El ensayista malagueño abogaba por crear ex novo el porvenir, en vez de tratar de adivinarlo. En Los sentidos del tiempo explora la magia del asombro cotidiano gracias al fértil amparo de la fascinación científica y el sustento –infalible– de grandes obras literarias, en especial La montaña mágica de Thomas Mann. La empresa no era nada sencilla. Maldonado la salva mediante una colección de apuntes íntimos –que incluyen sus propias dudas sobre la eficacia de sus argumentos– que, en lugar de fijar respuestas cerradas, formula interrogantes abiertos, susceptibles de mayor desarrollo. Su breviario acaso padezca una excesiva encadenación de citas y referencias de autoridad (ajenas), entre las que se intercalan episodios autobiográficos cargados de una significación metafórica, incluso epifánica. Nos hubiera gustado oír más la voz del autor, aunque el correlato que se establece entre estas experiencias íntimas y las ideas del presente articulen una suerte de conversación sobre una de las sombras de esta etapa de la posmodernidad: la desacralización de las herramientas culturales que dotaban de sentido a nuestra civilización.
Avance y retroceso
La reflexión de Maldonado incluye pasajes afortunados sobre cómo los objetos y restos del pretérito adquieren una nueva semántica en función del animus del individuo. El tiempo, en efecto, no es una línea continua con un indeterminado principio y un fin ignorado, sino una experiencia cambiante, caracterizada por los avances y los retrocesos. Este magma sensorial es lo que nos define como especie. Por mucho que las sociedades occidentales, inmersas en un estancamiento susceptible de degenerar en el principio de un retroceso, todavía rindan culto a la idea del progreso infinito, siempre existirán estas zonas abiertas a la fascinación de lo inesperado. El autor tiene una visión optimista del presente –cree que todo tiempo pasado fue infinitamente peor que el momentum actual– pero no puede, o no quiere, sustraerse de la seducción que supone ese gesto de volver a habitar el planeta como un simple ser humano.

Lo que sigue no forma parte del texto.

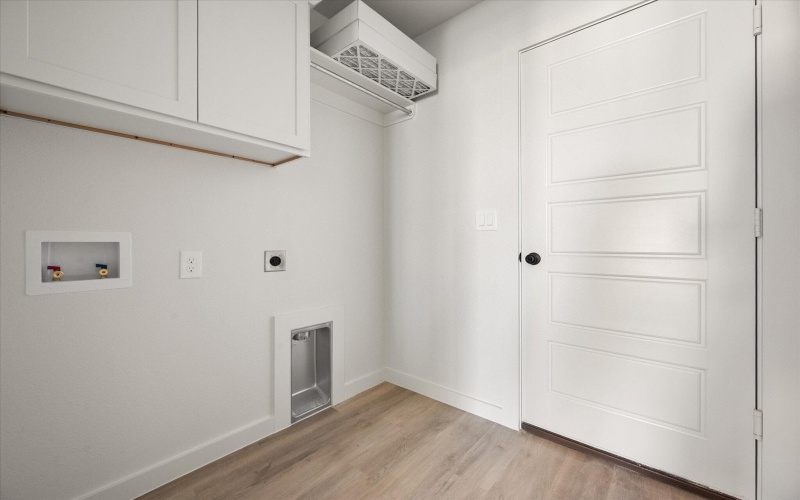 12004 Iola Drive, Lubbock, TX 79424, 4 Bedrooms Bedrooms, ,2 BathroomsBathrooms,Residential,For Sale,12004 Iola Drive,0,202603761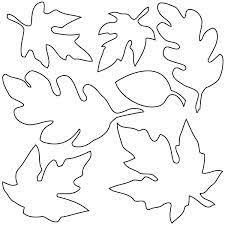 Autumn Leaves Google Search Sonbahar Elisi Kagit Elisi Yaprak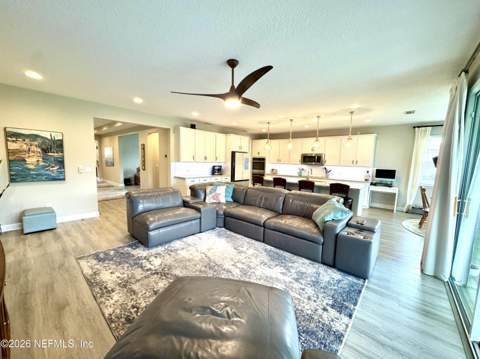 85230 Northfield Court, Fernandina Beach FL - photo 10 of 26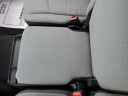 Thumbnail image of 2022 Ram 1500 Classic at Don Nester Chevrolet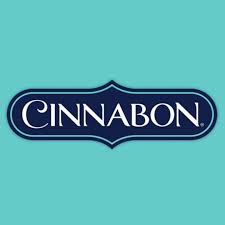 Cinnabon Express Truck logo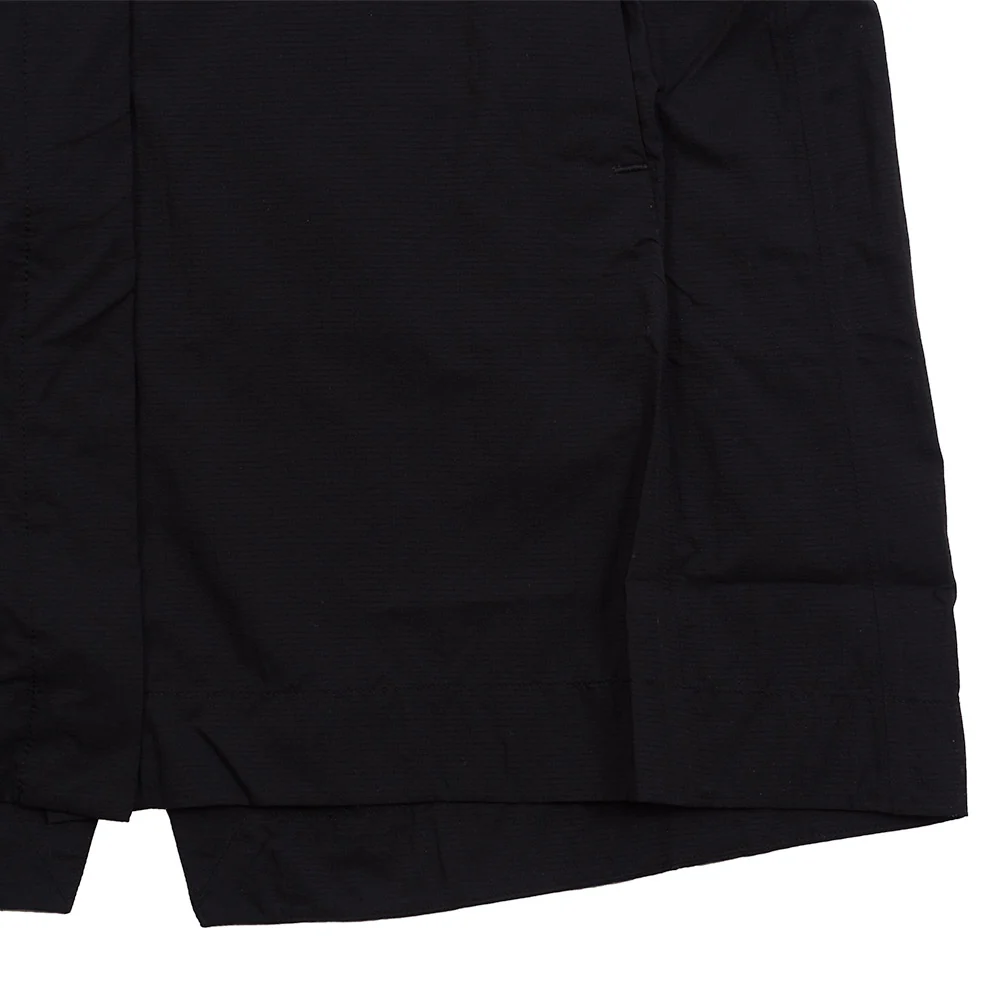 Arc'teryx A2B Windbreaker Jacket Women's - Image 3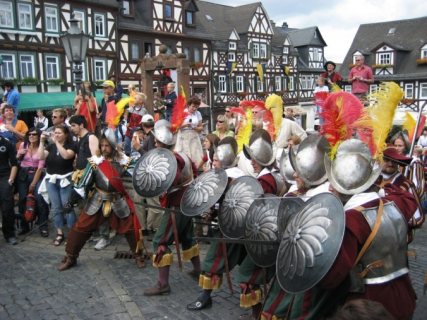 spektakulum-braunfels-07-019_20100719_1219938954
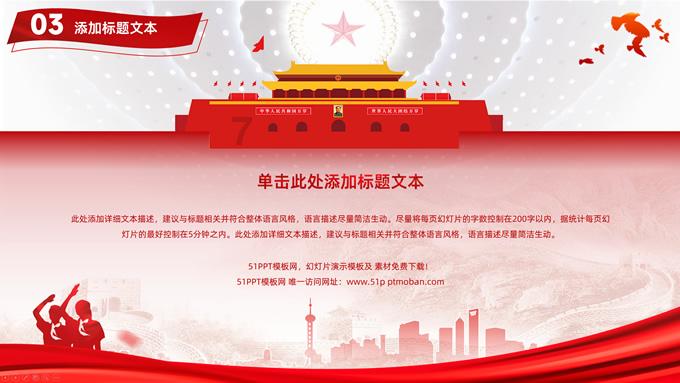 探索A、B的平均数是26,B、C的平均数是28,A、C的平均数是21,请问:A、B、C的平均数是(?主题的热门讨论-A、B的平均数是26,B、C的平均数是28,A、C的平均数是21,请问:A、B、C的平均数是(?红迪网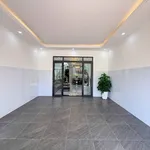 Bán nhà mặt tiền 3PN Trần Nhân Tông Gia Lai 95m2 - Ảnh thu nhỏ 2
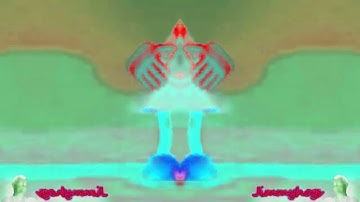 Preview 2 Henry Stickmin Triangle Effects in Slow Voice + CoNfUsIoN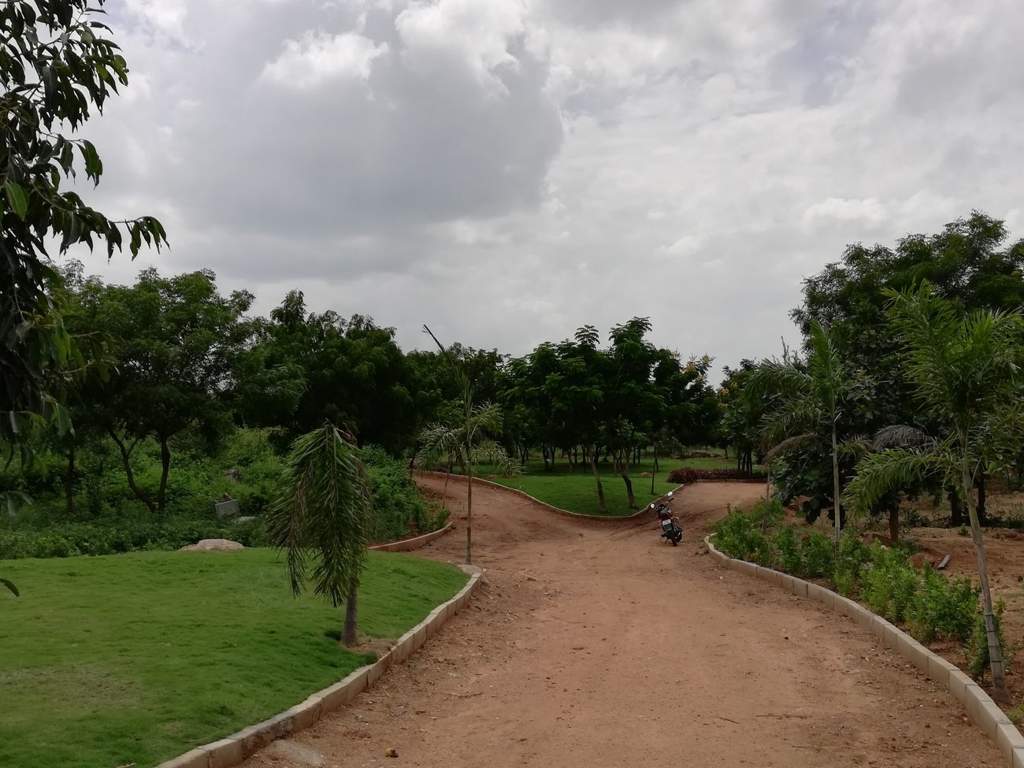  ramky one kosmos Images for mainOther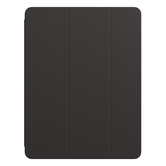 IPAD SMART FOLIO 12.9 PRETO-ZML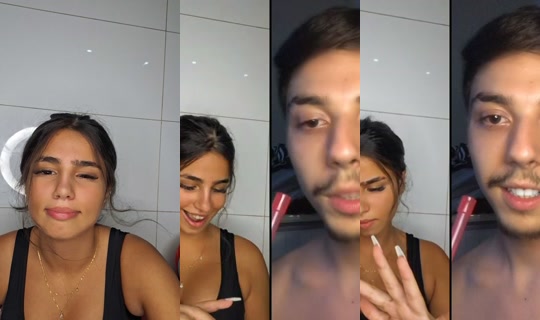 yara.msheik0's Stream - Aug 8, 2026, 9:49 PM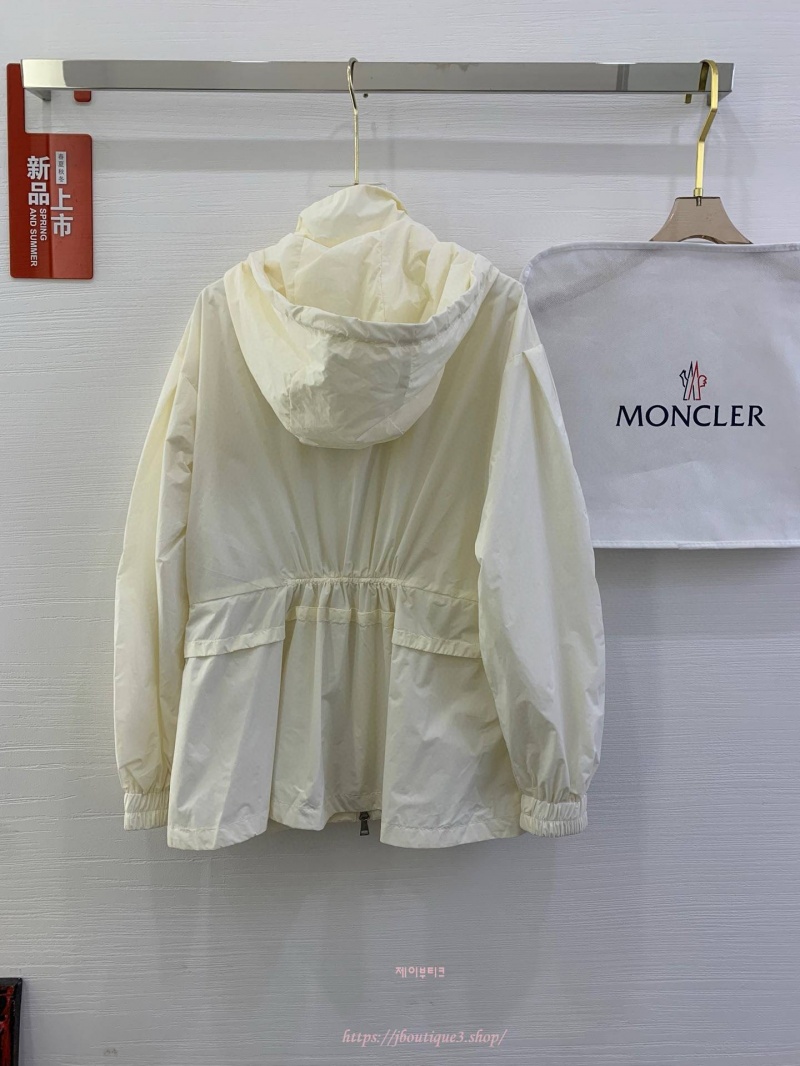 4fb20161bd1925cebda49cab3b13c95b_1775579858_1377.jpg 4fb20161bd1925cebda49cab3b13c95b_1775579858_1377.jpg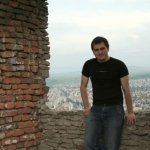 bogdan21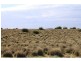 L31-37 Mulpata Road, Lameroo SA 5302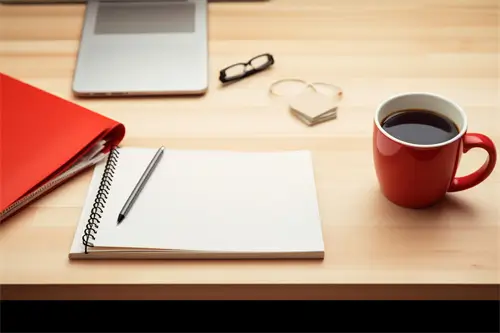 强制消费属于什么法律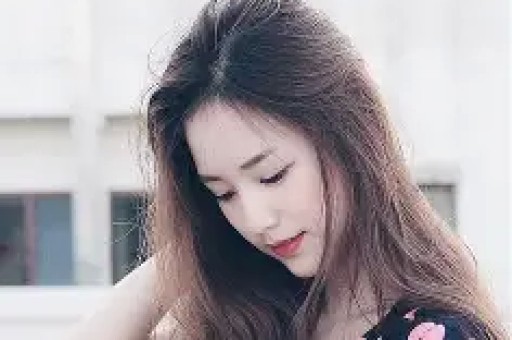 董宇辉公开回应恋情传闻女方身份真相大白也许跟你想不太一样 董宇辉公开回应恋情传闻女方身份真相大白也许跟你想不太一样
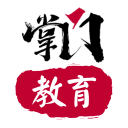 世界杯前回顾德胡耶蓝军生涯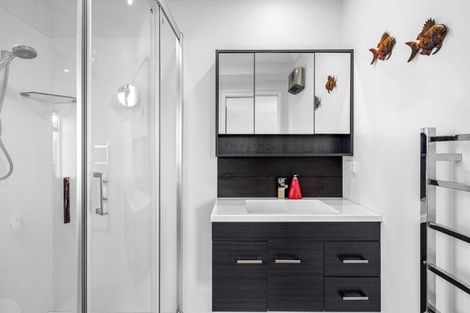 Photo of property in 6 Tyson Crescent, Kaiapoi, 7630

«Es útil conseguir quitarse toda la cáscara» –escribe Maldonado– «y quedarse con lo que compartimos con quienes nos precedieron. Un instante puro que te acerca a una historia de la que nos suele separar un espeso filtro sepia. Se produce así una paradoja: para observar bien la historia es necesario buscar una forma de salirse momentáneamente de ella». Borges lo resumió con menos palabras. En corto: «Al cabo de los años he observado que la belleza, como la felicidad, es frecuente. No pasa un día en que no estemos un instante en el paraíso». Éste es el mágico asombro (consuetudinario) del que nos habla este libro.